The program code includes computer program instructions that can be loaded into processor 1386 (and possibly also other processors), and that, when loaded into processor 1386, cause functions, acts, or operational steps of various aspects herein to be performed by processor 1386 (or other processor). Computer program code for carrying out operations for various aspects described herein may be written in any combination of one or more programming language(s), and can be loaded from disk 1343 into code memory 1341 for execution. The program code may execute, e.g., entirely on processor 1386, partly on processor 1386 and partly on a remote computer connected to network 1350, or entirely on the remote computer.

In some examples, processor(s) 1386 and, if required, data storage system 1340 or portions thereof, are referred to for brevity herein as a “control unit.” For example, a control unit can include a CPU or DSP and a computer storage medium or other tangible, non-transitory computer-readable medium storing instructions executable by that CPU or DSP to cause that CPU or DSP to perform functions described herein. Additionally or alternatively, a control unit can include an ASIC, FPGA, or other logic device(s) wired (e.g., physically, or via blown fuses or logic-cell configuration data) to perform functions described herein.

In some examples, a “control unit” as described herein includes processor(s) 1386. A control unit can also include, if required, data storage system 1340 or portions thereof. For example, a control unit can include a CPU or DSP and a computer storage medium or other tangible, non-transitory computer-readable medium storing instructions executable by that CPU or DSP to cause that CPU or DSP to perform functions described herein. Additionally or alternatively, a control unit can include an ASIC, FPGA, or other logic device(s) wired (e.g., physically, or via blown fuses or logic-cell configuration data) to perform functions described herein. In some examples of control units including ASICs or other devices physically configured to perform operations described herein, a control unit does not include computer-readable media storing executable instructions.

EXEMPLARY EMBODIMENTS

1. A system, including: an image-capture device configured to capture an image of a cell population, the image including input-pixel values of respective pixels of the image; and a control unit operatively connected with the image-capture device and configured to: determine a feature image based at least in part on the input-pixel values, the feature image including per-pixel feature values associated with respective pixels of the pixels of the image; determine a plurality of clusters based at least in part on the feature image, each cluster of the plurality of clusters associated with at least some of the pixels of the image; select a first cluster of the plurality of clusters, the first cluster associated with nuclei of cells in the cell population; determine a nuclei mask image representing pixels of the image associated with the first cluster; and determine a plurality of per-nucleus mask images by applying morphological operations to the nuclei mask image.

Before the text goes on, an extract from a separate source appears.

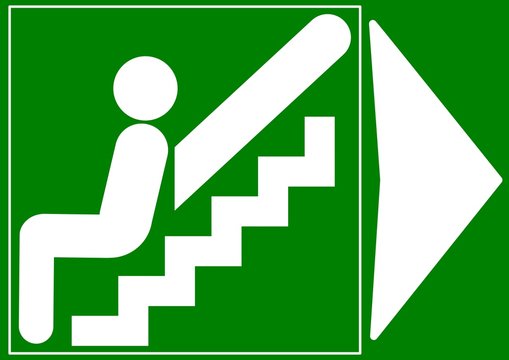 CARTELLO UBICAZIONE MONTA SCALE DISABILI BIDIREZIONALE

2. The system of embodiment 1, wherein the image-capture device and/or the control unit is configured to carry out one or more operations automatically.
3. The system of embodiment 1, wherein the image of the cell population is a histopathology image.

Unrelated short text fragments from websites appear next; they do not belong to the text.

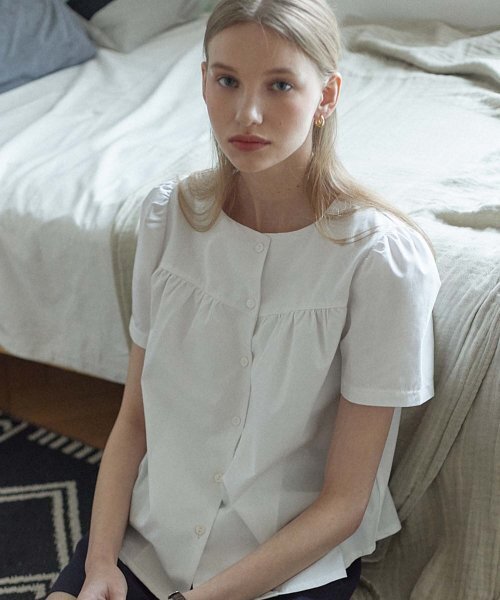 セール】Julia Shirring Blouse - White（シャツ/ブラウス）｜NONLOCAL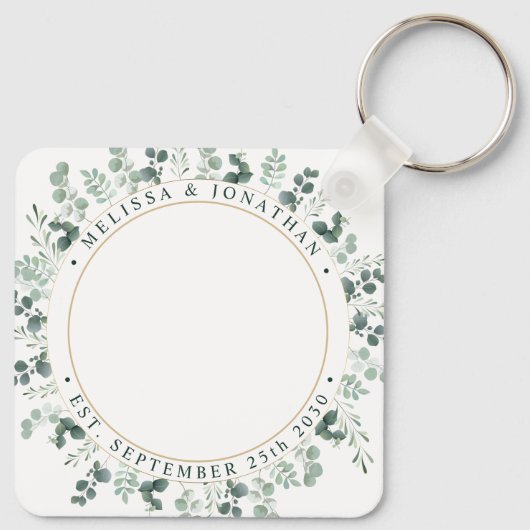 Moderne foto Aangepaste Eucalyptus groen bruiloft Sleutelhanger (Achterkant)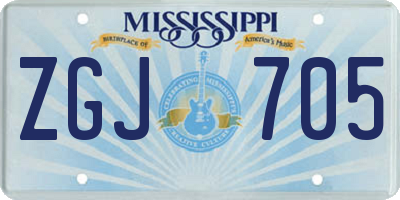MS license plate ZGJ705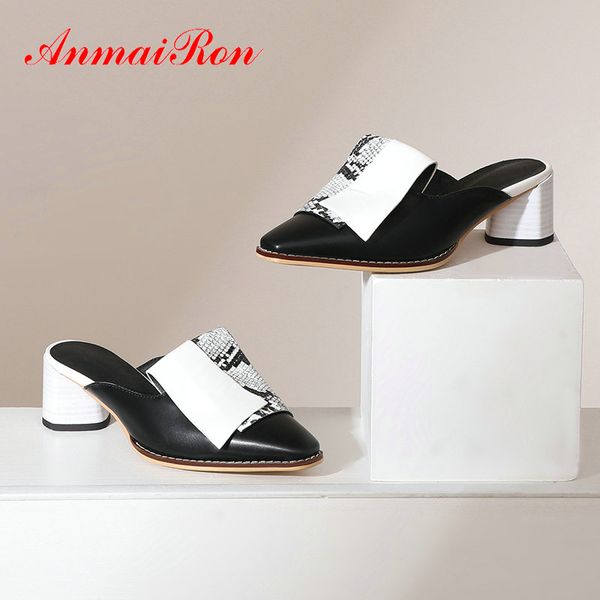 anmairon mature pu mixed colors women shoes summer outside square heel women slippers basic sewing elegant mules 34-42, Black
anmairon mature pu mixed colors women shoes summer outside square heel women slippers basic sewing elegant mules 34-42, Black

4. The system of embodiment 3, wherein the histopathology image is (a) an image of hemolysin and eosin (H&E) stained tissue section, or (b) an immunohistochemical (IHC) image including labeling of a biomarker in a tissue section. Optionally, the IHC image in some embodiments is one of a series of images from a single tissue section, each image reflecting the labeling of at least one different target within the tissue.

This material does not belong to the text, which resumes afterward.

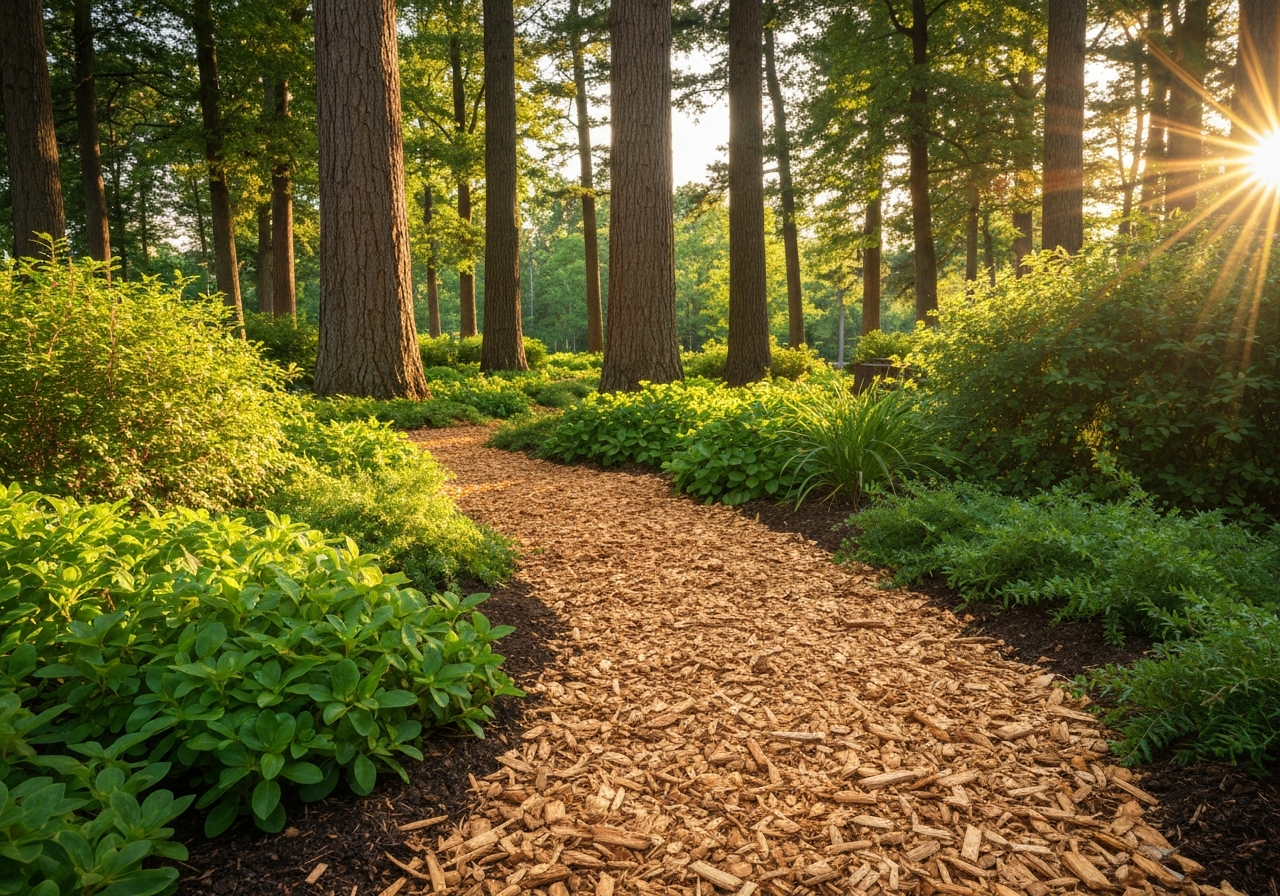 Fresh wood chips spread in a landscape bed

5. The system of embodiment 1, wherein the image-capture device further is configured to: (A) determine a response of a Gabor filter based at least in part on a first input-pixel value of a first pixel of the pixels of the image; and at least one of the per-pixel feature values associated with the first pixel is the response of the Gabor filter; and/or (B) determine a response of a Haralick filter based at least in part on a first input-pixel value of a first pixel of the pixels of the image; and at least one of the per-pixel feature values associated with the first pixel is the response of the Haralick filter; and/or (C) determine the plurality of clusters by performing k means clustering of at least some of the super-pixels based at least in part on the per-pixel feature values; and each of the super-pixels is associated by the k means clustering with exactly one cluster of the plurality of clusters; and/or (D) determine respective cytological profiles for a plurality of nuclei represented in the image, each nucleus associated with a respective one of the per-nucleus mask images; and determine a plurality of nucleus clusters based on the cytological profiles using Landmark-based Spectral Clustering (LSC), wherein each of the plurality of nuclei is associated with one of the plurality of nucleus clusters.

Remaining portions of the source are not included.